- GOAL OF THE EXERCISE -
From the data below, retype exactly the lines starting with the one that contains "GAP Paisely Silk Tie" and ending with the one that contains "Self contained room, en-suite", both included.

- RECORD EXTRACTS -
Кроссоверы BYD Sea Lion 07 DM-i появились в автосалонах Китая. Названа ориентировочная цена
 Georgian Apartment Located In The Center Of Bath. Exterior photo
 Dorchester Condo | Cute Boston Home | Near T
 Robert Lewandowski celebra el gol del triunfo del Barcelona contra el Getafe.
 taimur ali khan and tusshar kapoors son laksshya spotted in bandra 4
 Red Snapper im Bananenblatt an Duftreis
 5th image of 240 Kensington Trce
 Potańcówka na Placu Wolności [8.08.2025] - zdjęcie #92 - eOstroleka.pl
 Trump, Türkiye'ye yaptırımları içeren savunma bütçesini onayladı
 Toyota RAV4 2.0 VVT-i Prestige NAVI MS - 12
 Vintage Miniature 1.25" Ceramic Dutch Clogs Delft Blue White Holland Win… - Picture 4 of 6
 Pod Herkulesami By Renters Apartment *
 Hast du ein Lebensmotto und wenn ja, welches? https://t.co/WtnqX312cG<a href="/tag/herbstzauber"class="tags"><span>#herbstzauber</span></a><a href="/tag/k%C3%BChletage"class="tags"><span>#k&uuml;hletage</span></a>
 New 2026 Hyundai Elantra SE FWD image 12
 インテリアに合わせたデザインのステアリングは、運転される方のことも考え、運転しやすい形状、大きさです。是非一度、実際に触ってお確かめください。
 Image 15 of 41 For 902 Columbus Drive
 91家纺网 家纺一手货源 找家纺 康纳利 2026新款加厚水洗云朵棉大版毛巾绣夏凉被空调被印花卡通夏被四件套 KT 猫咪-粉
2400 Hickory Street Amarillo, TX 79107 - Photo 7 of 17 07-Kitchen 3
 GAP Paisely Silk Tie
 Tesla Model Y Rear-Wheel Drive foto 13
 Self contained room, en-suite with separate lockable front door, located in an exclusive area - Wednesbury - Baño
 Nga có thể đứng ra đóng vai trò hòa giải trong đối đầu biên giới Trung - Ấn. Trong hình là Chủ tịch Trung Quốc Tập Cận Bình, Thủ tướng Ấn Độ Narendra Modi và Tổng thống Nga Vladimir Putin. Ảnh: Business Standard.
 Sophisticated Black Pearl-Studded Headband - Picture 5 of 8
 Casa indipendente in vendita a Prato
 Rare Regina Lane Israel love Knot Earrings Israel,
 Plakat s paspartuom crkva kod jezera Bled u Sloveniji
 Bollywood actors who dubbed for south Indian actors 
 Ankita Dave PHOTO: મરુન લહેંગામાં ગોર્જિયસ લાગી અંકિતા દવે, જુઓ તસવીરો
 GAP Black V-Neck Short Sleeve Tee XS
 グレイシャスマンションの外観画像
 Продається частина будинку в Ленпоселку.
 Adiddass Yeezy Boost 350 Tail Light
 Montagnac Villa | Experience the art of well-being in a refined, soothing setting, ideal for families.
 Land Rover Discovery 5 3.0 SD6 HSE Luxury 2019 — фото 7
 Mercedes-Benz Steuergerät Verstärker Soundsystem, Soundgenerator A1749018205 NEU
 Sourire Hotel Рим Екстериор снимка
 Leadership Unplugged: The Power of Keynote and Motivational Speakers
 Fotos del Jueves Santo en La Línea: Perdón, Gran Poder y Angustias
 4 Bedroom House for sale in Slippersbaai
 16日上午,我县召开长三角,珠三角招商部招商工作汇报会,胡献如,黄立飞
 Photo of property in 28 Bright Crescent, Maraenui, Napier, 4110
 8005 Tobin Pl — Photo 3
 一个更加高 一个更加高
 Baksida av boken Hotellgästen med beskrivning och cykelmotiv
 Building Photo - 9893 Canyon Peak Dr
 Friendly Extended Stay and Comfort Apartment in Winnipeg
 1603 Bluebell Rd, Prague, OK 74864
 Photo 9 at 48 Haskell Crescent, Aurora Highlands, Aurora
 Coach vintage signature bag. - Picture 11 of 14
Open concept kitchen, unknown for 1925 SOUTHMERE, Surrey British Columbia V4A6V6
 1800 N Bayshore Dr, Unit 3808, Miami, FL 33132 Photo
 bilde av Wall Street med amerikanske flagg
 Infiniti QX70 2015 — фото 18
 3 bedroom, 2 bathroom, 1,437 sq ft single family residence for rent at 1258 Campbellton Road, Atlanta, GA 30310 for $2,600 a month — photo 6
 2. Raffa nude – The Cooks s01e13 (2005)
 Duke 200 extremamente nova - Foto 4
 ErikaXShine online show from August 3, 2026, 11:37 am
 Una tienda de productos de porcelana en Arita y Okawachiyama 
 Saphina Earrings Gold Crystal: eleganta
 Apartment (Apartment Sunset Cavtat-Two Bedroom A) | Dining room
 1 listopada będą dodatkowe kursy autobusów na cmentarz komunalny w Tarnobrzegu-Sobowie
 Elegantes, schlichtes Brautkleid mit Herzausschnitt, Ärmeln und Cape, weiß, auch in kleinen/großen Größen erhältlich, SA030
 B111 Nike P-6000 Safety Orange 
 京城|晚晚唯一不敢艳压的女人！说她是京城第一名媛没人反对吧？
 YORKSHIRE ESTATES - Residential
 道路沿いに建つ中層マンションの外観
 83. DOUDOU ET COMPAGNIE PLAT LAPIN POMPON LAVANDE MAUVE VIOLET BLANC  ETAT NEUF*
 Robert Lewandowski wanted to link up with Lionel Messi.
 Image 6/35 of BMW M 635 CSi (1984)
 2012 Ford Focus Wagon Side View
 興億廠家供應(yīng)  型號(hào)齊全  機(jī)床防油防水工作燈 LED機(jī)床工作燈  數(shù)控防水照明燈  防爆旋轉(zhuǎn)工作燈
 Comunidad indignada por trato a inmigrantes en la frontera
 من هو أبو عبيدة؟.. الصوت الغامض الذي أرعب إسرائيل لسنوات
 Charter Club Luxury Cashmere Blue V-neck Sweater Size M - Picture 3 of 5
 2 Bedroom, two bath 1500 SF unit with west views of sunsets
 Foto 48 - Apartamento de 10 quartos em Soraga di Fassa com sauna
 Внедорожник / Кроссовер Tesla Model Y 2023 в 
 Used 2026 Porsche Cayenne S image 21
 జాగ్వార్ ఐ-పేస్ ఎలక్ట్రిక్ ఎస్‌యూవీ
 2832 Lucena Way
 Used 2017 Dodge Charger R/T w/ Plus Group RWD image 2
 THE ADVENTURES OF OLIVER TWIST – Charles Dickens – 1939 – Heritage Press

- ANSWER FOR THIS EXERCISE -
 GAP Paisely Silk Tie
 Tesla Model Y Rear-Wheel Drive foto 13
 Self contained room, en-suite with separate lockable front door, located in an exclusive area - Wednesbury - Baño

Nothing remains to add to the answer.